In the years soon following the COVID-19 pandemic, the Neshaminy Mall has seen an increased vacancy rate and a decrease in foot traffic. Stores such as Foot Locker and Modell's Sporting Goods have closed, as well as dining options including Chick-fil-A and Charleys Philly Steaks. However, the Neshaminy Carnival remains a popular event until it was announced that it will not return for 2024.

By 2024, more than half the stores in the Neshaminy Mall were vacant, with over 40 stores remaining. In February 2024, the Neshaminy Mall was put up for sale. In June 2024, it was announced that Paramount Realty Group will purchase the Neshaminy Mall. On July 15, 2024, Paramount Realty Group and Edgewood Properties closed on the purchase of the mall for $27.5 million.
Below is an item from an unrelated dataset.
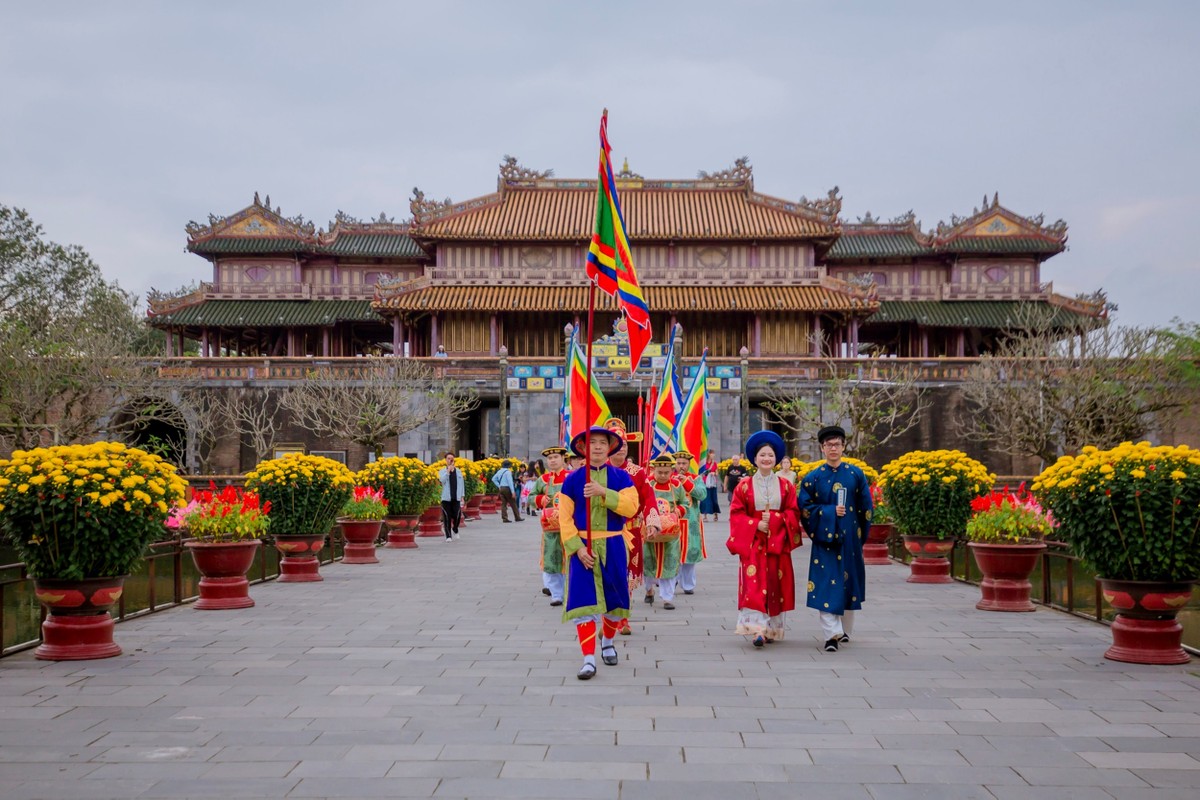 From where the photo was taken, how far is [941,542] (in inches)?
A: 462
On September 13, 2026, tenants at the mall received notices to vacate by October 31. Officials from Bensalem Township confirmed that the mall would close on October 31, and will be demolished in December. Boscov’s, AMC Theaters, Barnes & Noble, and the Uno Pizzeria & Grill outparcel will remain open after the demolition. Although Paramount Properties has not presented any formal redevelopment plans, they are exploring the potential for a mixed-use development that could include housing, retail, and medical facilities.